One way around it is to implement a NumPy safe version of in:

import numpy as np


def in_np(x, items):
    for item in items:
        if isinstance(x, np.ndarray) and isinstance(item, np.ndarray) \
                and x.shape == item.shape and np.all(x == item):
            return True
        elif isinstance(x, np.ndarray) or isinstance(item, np.ndarray):
            pass
        elif x == item:
            return True
    return False

x = np.array([1, 1])
a = [x, 1]

for y in (x, 0, 1, x + 1, np.array([1, 1, 1])):
    print(in_np(y, a))
# True
# False
# True
# False
# False

---

Or, even better, to write a version of in with an arbitrary comparison (possibly defaulting to the default in behavior), and then make use of np.array_equal() which has a semantic that is compliant with the expected behavior for ==. In code:

import operator


def in_(x, items, eq=operator.eq):
    for item in items:
        if eq(x, item):
            return True
    return False

x = np.array([1, 1])
a = [x, 1]

for y in (x, 0, 1, x + 1, np.array([1, 1, 1])):
    print(in_(y, a, np.array_equal))
# True
# False
# True
# False
# False

---

Finally, note that items can be any iterable, but the complexity of the operation will not be O(1) for hashing containers like set(), although it would still be giving correct results:

print(in_(1, {1, 2, 3}))
# True
print(in_(0, {1, 2, 3}))
# False

in_(1, {1: 2, 3: 4})
# True
in_(0, {1: 2, 3: 4})
# False

Answer 2

The reason is that in is more or less interpreted as

def in_sequence(elt, seq):
    for i in seq:
        if elt == i:
            return True
    return False

And 1 == x does not give False but raises an Exception because internally numpy converts it to an array of booleans. It does make sense in most contextes but here it gives a stupid behaviour.

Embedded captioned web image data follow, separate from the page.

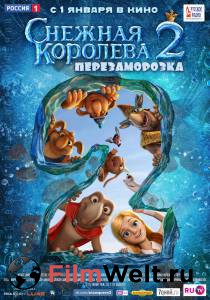 Онлайн кино Снежная королева 2: Перезаморозка смотреть бесплатно Онлайн кино Снежная королева 2: Перезаморозка смотреть бесплатно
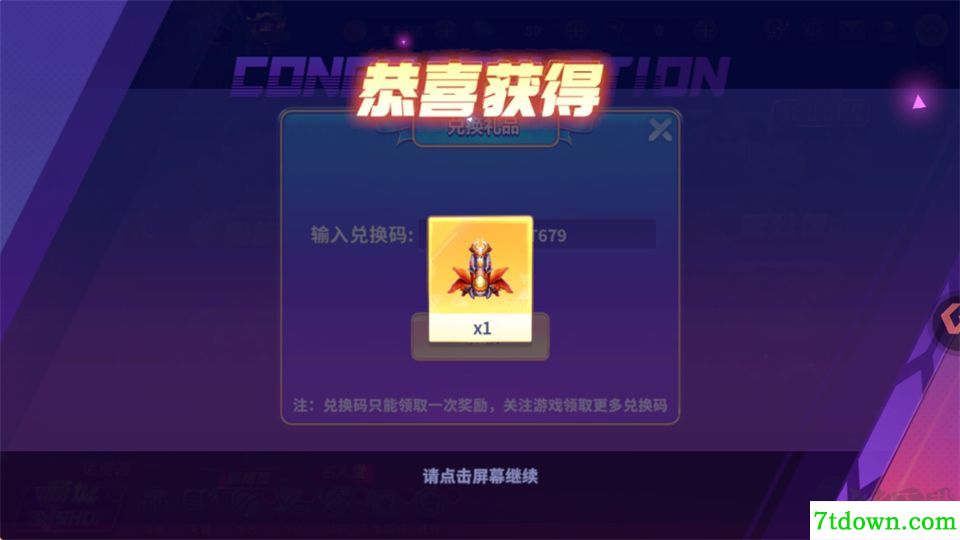 捕鱼炸翻天(附兑换码)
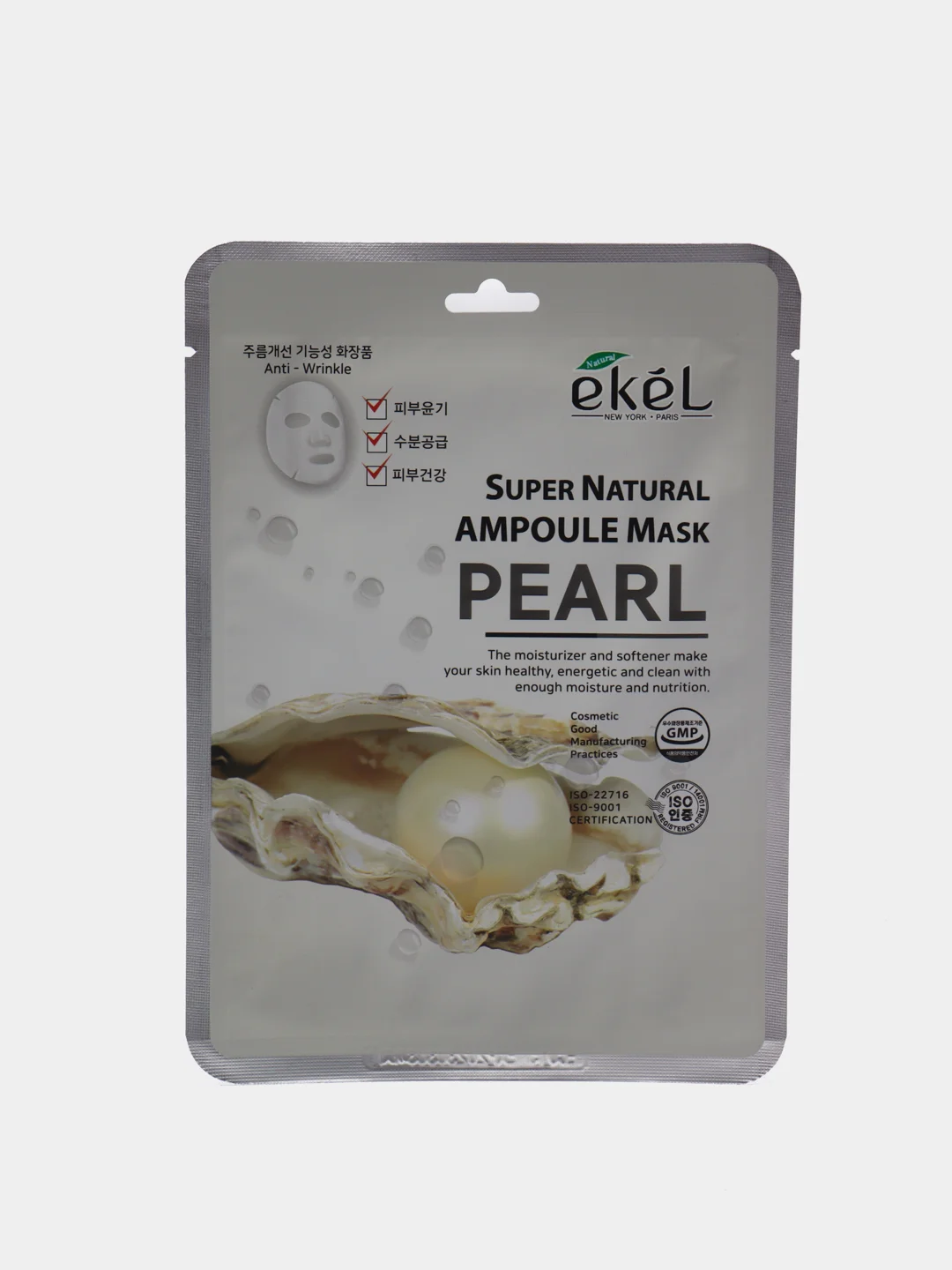 Маска для лица Ekel Ampoule Mask, тканевая, ампульная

It sounds like a bug, but is not easy to fix. Processing 1 == np.array(1, 1) the same as np.array(1, 1) == np.array(1, 1) is a major feature of numpy. And delegating equality comparisons to classes is a major feature of Python. So I cannot even imagine what should be the correct behaviour.

TL/DR: Never mix Python lists and numpy arrays because they have very different semantics and the mix leads to inconsistent corner cases.

Answer 3

When using x in [1,x], python will compare x with each of the elements in the list, and during the comparison x == 1, the result will be a numpy array:

>>> x == 1
array([ True,  True])

and interpreting this array as a bool value will trigger the error due to inherent ambiguity:

>>> bool(x == 1)
Traceback (most recent call last):
  File "<stdin>", line 1, in <module>
ValueError: The truth value of an array with more than one element is ambiguous. Use a.any() or a.all()

Answer 4

You can do it like so:

import numpy as np
x = np.array([1,1])
a = np.array([x.tolist(), 1])

x in a # True
(x+1) in a # False
1 in a # True